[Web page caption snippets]
·····
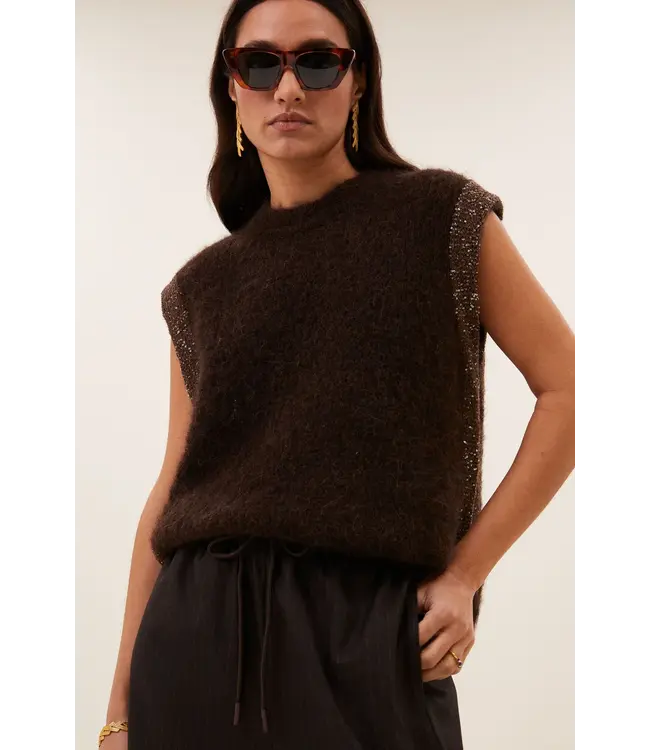 26415103/DeepBrown  noby spencer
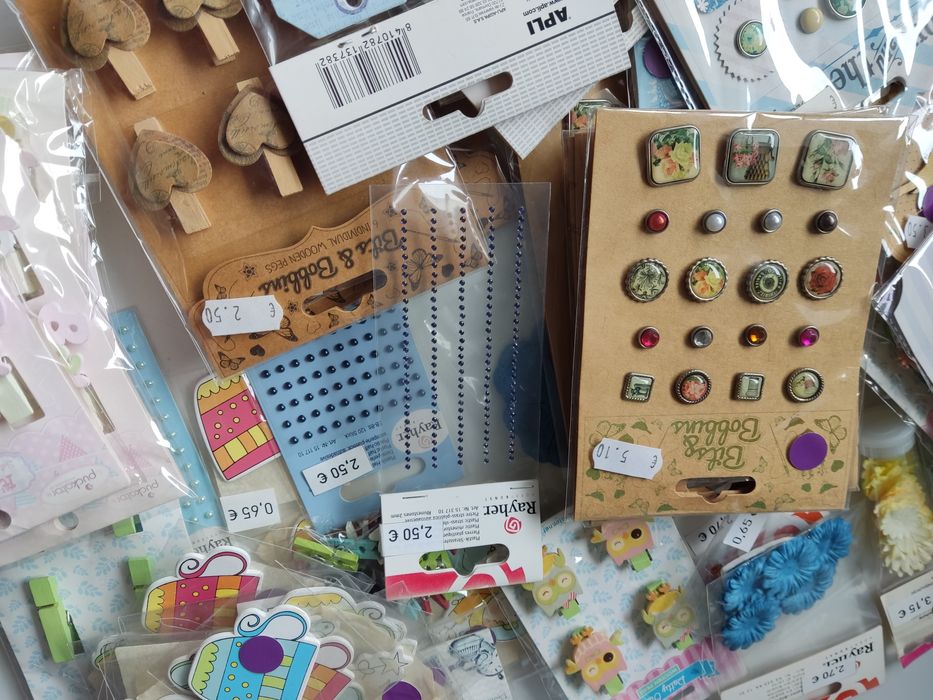 Acessórios para trabalhos manuais ou scrapbooking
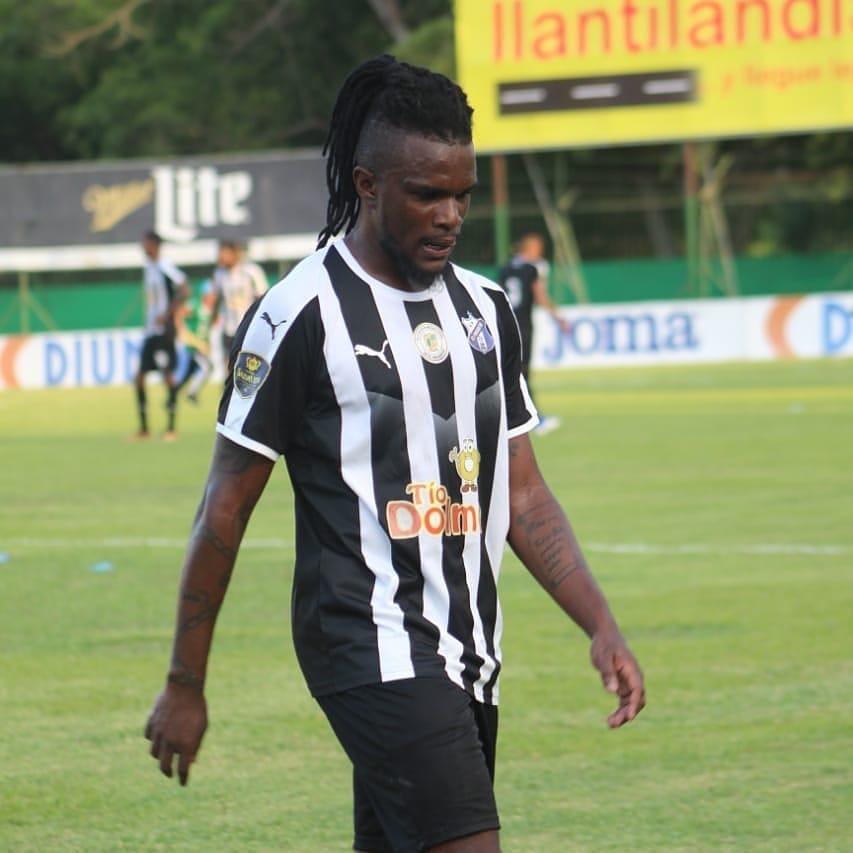 Fue campeón en el fútbol hondureño, regresó a su país y ahora trabaja como policía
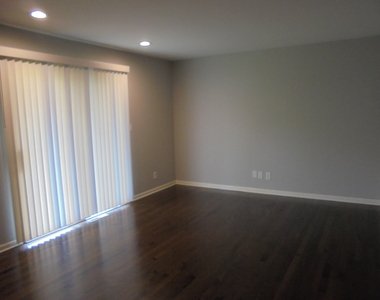 1130 Laurel Drive - Photo Thumbnail 10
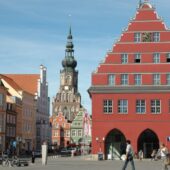 Greifswald mit Hund: Regeln, Hundeschulen & Alltag Greifswald: Stadtansicht im Hunde-Almanach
·····
Work instruction:
The records above are to be repeated word for word, with the pictures omitted.

Result of the task:
 26415103/DeepBrown  noby spencer
 Acessórios para trabalhos manuais ou scrapbooking
 Fue campeón en el fútbol hondureño, regresó a su país y ahora trabaja como policía
 1130 Laurel Drive - Photo Thumbnail 10
 Greifswald mit Hund: Regeln, Hundeschulen & Alltag Greifswald: Stadtansicht im Hunde-Almanach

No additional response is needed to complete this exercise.